On Tuesday, a Phoenix police officer killed the father of four after the officer, whose name hasn't been released, mistook Brisbon's bottle of pills for a gun. The seven-year veteran of the force was reportedly responding to a drug deal, but what happened after he arrived remains unclear, reports the Arizona Republic.
In a department-issued report released Wednesday, a neighbor reported an alleged drug deal happening in a black SUV. When the officer approached Brisbon, he told him to put up his hands. Instead, according to the officer, he put his hands in his pockets, which prompted the cop to take out his gun.
After that, Brisbon fled toward nearby apartments with the officer chasing after him and a fight ensued.
"During the struggle, Brisbon put his left hand in his pocket and the officer grabbed onto the suspect's hand, while repeatedly telling the suspect to keep his hand in his pocket," Sgt. Trent Crump, a police spokesman, told the Republic. "The officer believed he felt the handle of a gun while holding the suspect's hand in his pocket."
Crump said Brisbon didn't keep his hands in his pockets, which prompted the officer to fire two shots. That "handle of a gun" turned out to be a bottle of oxycodone pills.
But portions of the police's version have been challenged by witnesses. One neighbor who saw the incident unfold said Brisbon was dropping off food to his children and claims the officer never tried to talk to him. Also, the police said Brisbon yelled at him, but the neighbor denied that.
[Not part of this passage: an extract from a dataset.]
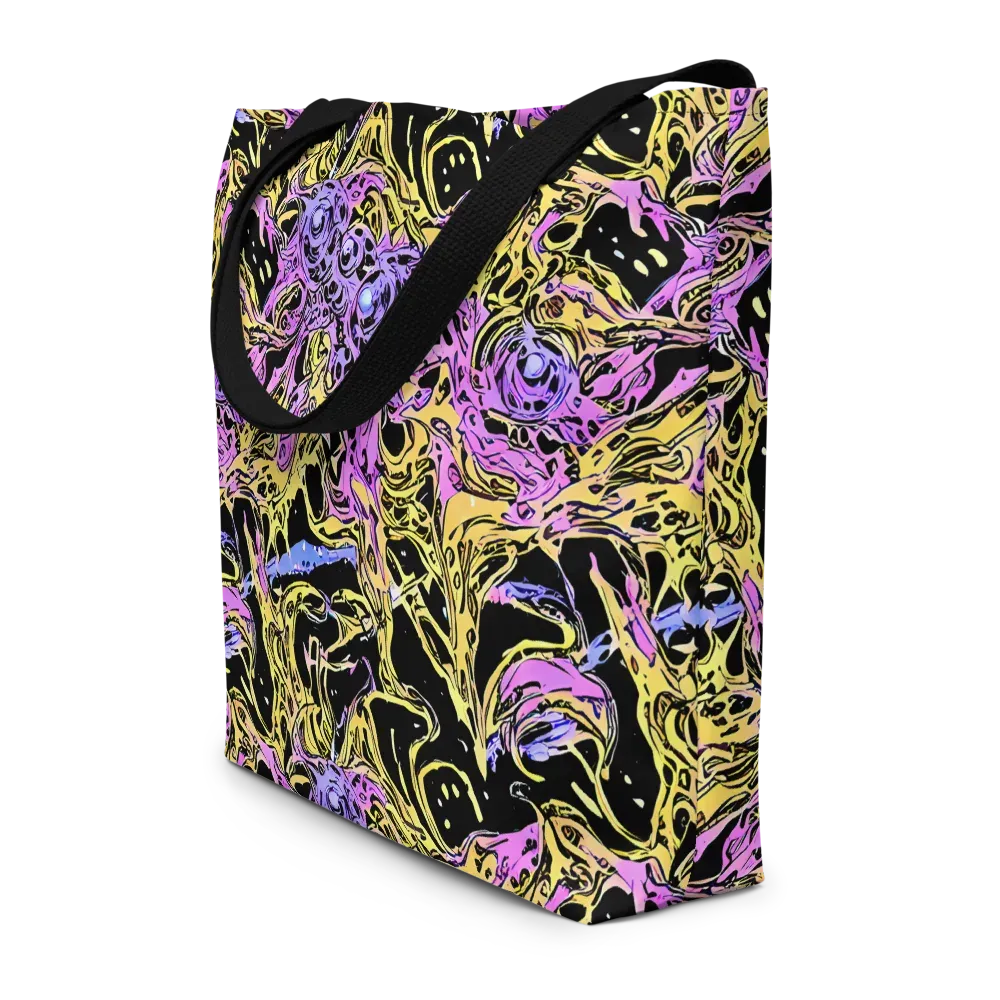 Black Orchid Riot on Large Tote Bag W/ Pocket — Front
It's up to the Maricopa County attorney's office if the officer will face criminal charges, notes BuzzFeed.
The report was issued quickly to provide transparency in the wake of the recent events in Ferguson, Missouri, and New York. "We always have been and always will be concerned about what it is that our residents think about our role in this community and the levels of force that we use," Crump said.
He also defended the officer's action. "Let's be very clear: The officer was doing what we expect him to do, which is investigate crimes that neighbors are telling him are occurring in that part of the complex."
Protests, which have engulfed much of America in light of the police-involved killings of Eric Garner and Michael Brown, spread to Phoenix on Thursday night. About 150 people took the city's streets demanding an end to police brutality.
Several black community leaders spoke out questioning why justice isn't being served in defense of their community. Karl Gentles, the public policy chairman of the Greater Phoenix Black Chamber of Commerce, told the police to get all facts about the shooting and address the department's perception.
"There has to be some additional communication, dialogue, training, about how black males are perceived," he told the Republic. "Because, as you see from other incidents, black males are feared with unfound reason in many cases, and there is an explicit overreaction in dealing with African-American males that leads to these contentious situations."